A geração Z voltou a movimentar as redes sociais com uma nova trend – a dos livros de colorir. Esse hobby não é inédito. Há 10 anos, houve o fenômeno dos livros "Jardim Secreto", com ilustrações de flores e mandalas para colorir que atraíam um grande público.
Agora, uma onda de postagens nos apps mais populares trouxe de volta a febre, mas os lápis de cor deram lugar a canetas hidrográficas. Apesar de ser fomentada no mundo virtual, a prática tem sido usada por quem busca se afastar das telas e descansar da rotina.
As hashtags #bobbiegoods e #coloringbook (livro de colorir) somam mais de 1 milhão de posts no TikTok. Na plataforma, podem ser encontrados vídeos com dicas sobre onde comprar os livros, quais os melhores modelos, como preservar as canetas, além de pessoas mostrando os resultados de suas artes, muitas delas, brasileiras.
Quem não acessa às redes sociais pode estranhar o nome Bobbie Goods, mas trata-se de um dos principais fatores por trás do sucesso da trend. Criada pela ilustradora norte-americana Abbie Goveia, a marca vem lançando publicações com personagens adoráveis da artista.
Nos desenhos, geralmente aparecem animais como cachorros ou ursos em situações divertidas: fazendo piqueniques, tomando chá, descansando na praia ou cuidando do jardim, entre outros contextos. Outra marca popular é Lucy and Friends. Os livros vêm agradando um público amplo, muito além do infantil.
Geralmente, eu escolho colorir nos momentos em que eu percebo que é importante que eu possa me desconectar do mundo virtual e me reconectar comigo mesma.
MARIANA OLIVEIRA
26 anos
Hoje, colorir faz parte da rotina da psicóloga Mariana Oliveira, de 26 anos. Ela conta que entrou na onda depois de ver vídeos no TikTok e no Instagram.
— As coisas se disseminam muito rápido e acaba criando uma comunidade, e faz com que a gente também tenha esse desejo de se conectar com outras pessoas. A gente acaba se identificando — afirma.
A jovem conta que o hobby contribui para resgatar seu lado mais lúdico e garantir momentos de relaxamento, em meio à rotina agitada, além de diminuir o tempo nas telas. Com isso, decidiu investir em um conjunto de canetas e no livro Bobbie Goods, que custaram cerca de R$ 100. Também há quem imprima ilustrações avulsas para colorir e gastar menos.

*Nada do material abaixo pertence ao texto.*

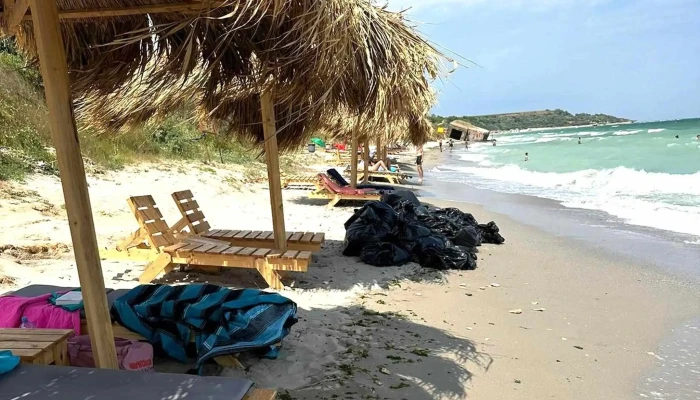Tuzla Open Beach -  Program - Plaja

— Acho que é um recurso que as pessoas criaram para lidar com toda essa chuva de informações e de estímulos que acontece diariamente. Geralmente, eu escolho colorir nos momentos em que eu percebo que é importante que eu possa me desconectar do mundo virtual e me reconectar comigo mesma. Depois de um dia longo de trabalho, ou no final de semana — relata Mariana.
Busca por bem-estar
De acordo com a psicóloga Sofia Sebben, especialista em uso de telas, o hábito de colorir ganha popularidade justamente pelo contexto de hiperconexão, em que as pessoas buscam atividades que possam servir como um respiro, em meio ao uso excessivo da tecnologia.

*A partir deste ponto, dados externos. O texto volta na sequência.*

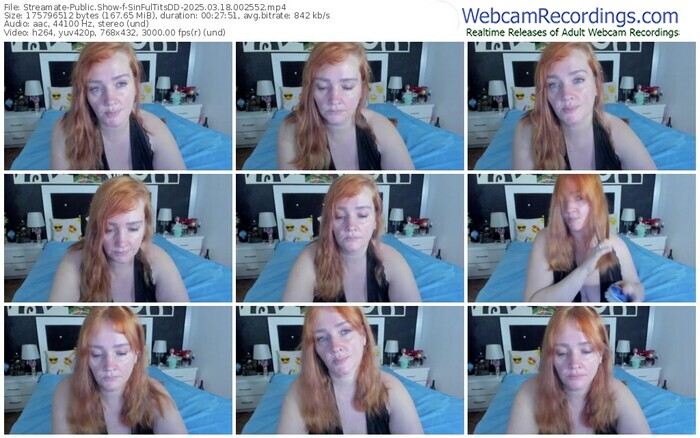 streamate-sinfultitsdd-03-18-2025-00-25-52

— Faz parte do movimento wellness, da busca pelo bem-estar. As pessoas estão tentando resgatar atividades fora das telas para que possam se conectar com elas mesmas. São coisas que exigem atenção plena, como pintar, fazer cerâmica, crochê. Colorir é uma atividade com muito potencial antiestresse — explica.

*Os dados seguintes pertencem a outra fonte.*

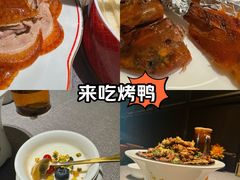-秀儿四九城·新京菜(亚运村鸟巢店)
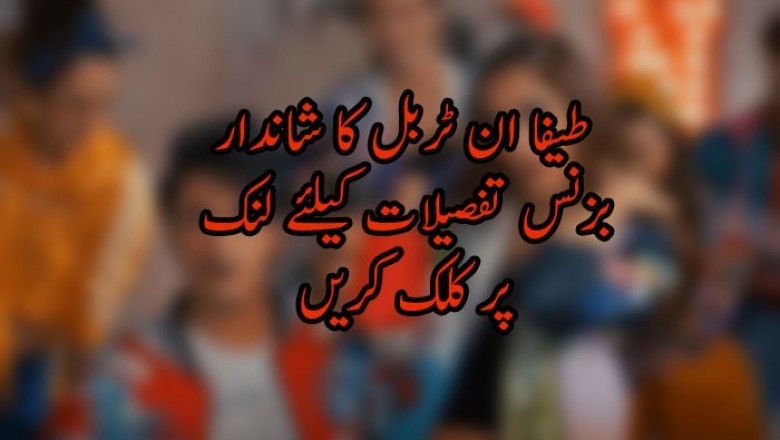 طیفا ان ٹربل کا شاندار بزنس
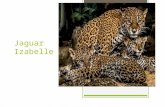 Jaguar Izabelle #4. Background ○ Jaguars typically live in forests or woods, but they are also found in desert areas such as Arizona.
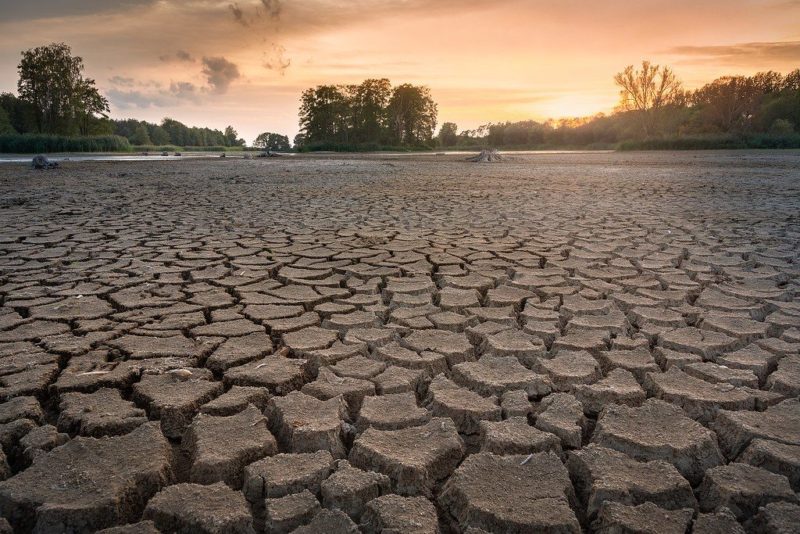 Drought, And Its Deadly Consequences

Somos altamente influenciáveis, principalmente os jovens, por conta do conteúdo que consomem nas redes sociais.
SOFIA SEBBEN
Especialista em uso de telas
Diversos hobbies podem cumprir essa função na rotina, como praticar esportes, aprender a tocar algum instrumento musical, tricotar. Conforme Sofia, todas são atividades benéficas para a saúde mental. O apelo dos livros de colorir é justamente o senso de comunidade que se criou.
— Somos altamente influenciáveis, principalmente os jovens, por conta do conteúdo que consomem nas redes sociais. Mesmo não conhecendo a pessoa que está do outro lado da tela, eles querem se sentir pertencentes a um grupo — argumenta a especialista.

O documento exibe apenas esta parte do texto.